Top of LISTED ENTRIES

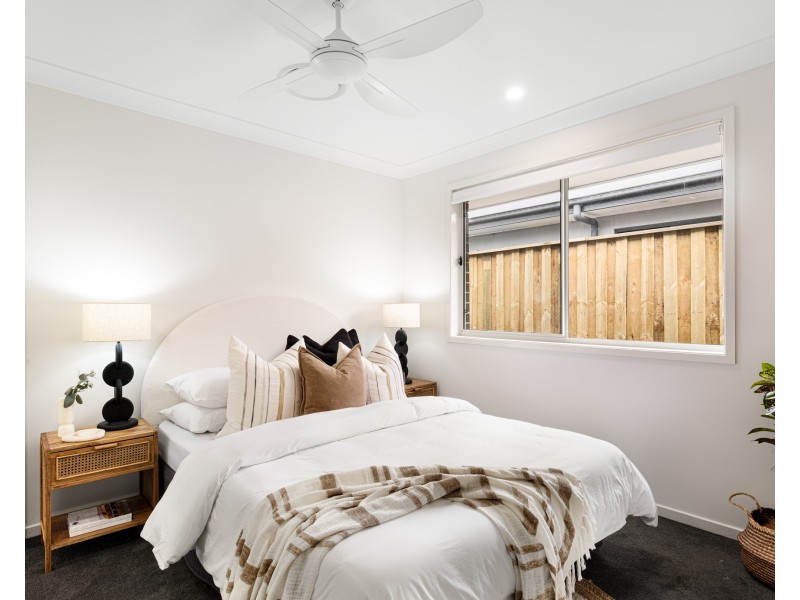 2/259 Settlers Boulevard, Chisholm NSW 2322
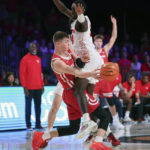 Wisconsin outlasts Dayton 43-42 in Battle 4 Atlantis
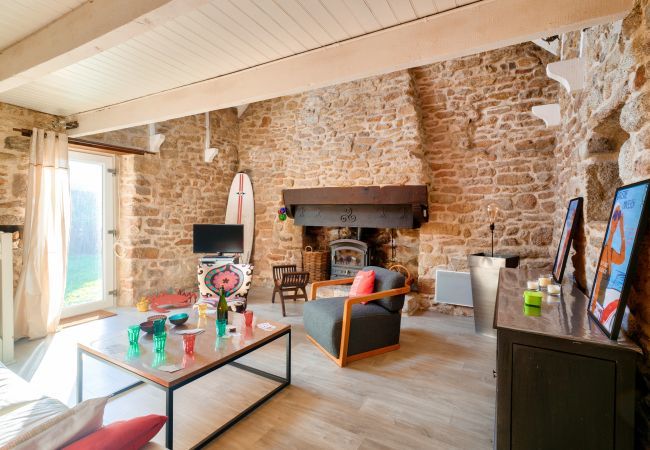 House in Penmarch - Farmhouse 750m from the port of Saint Guénolé House in Penmarch - Farmhouse 750m from the port of Saint Guénolé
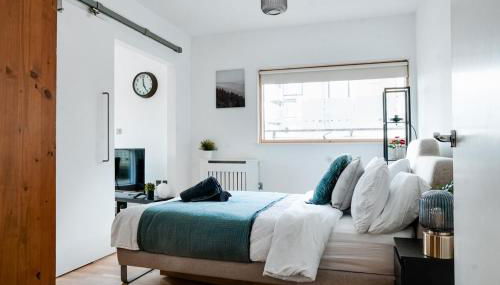 Bright 2-Bedroom Apartment with Scenic Balcony Views - Foto 5, towels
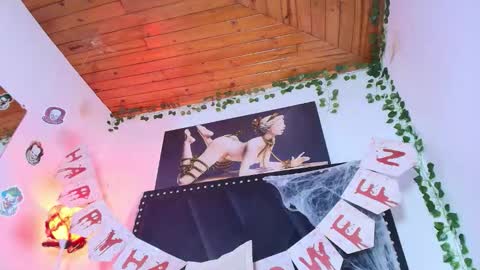 Naia x online show from October 11, 12:15 am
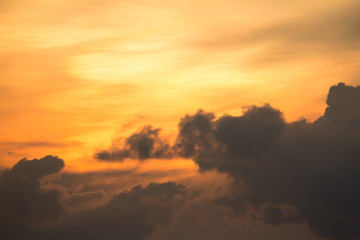 clouds on sky in the evening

Bottom of LISTED ENTRIES

• **WHAT YOU ARE ASKED TO DO**:
Output all the material above exactly once more, leaving every picture out.

• **EXERCISE ANSWER**:
 2/259 Settlers Boulevard, Chisholm NSW 2322
 Wisconsin outlasts Dayton 43-42 in Battle 4 Atlantis
 House in Penmarch - Farmhouse 750m from the port of Saint Guénolé House in Penmarch - Farmhouse 750m from the port of Saint Guénolé
 Bright 2-Bedroom Apartment with Scenic Balcony Views - Foto 5, towels
 Naia x online show from October 11, 12:15 am
 clouds on sky in the evening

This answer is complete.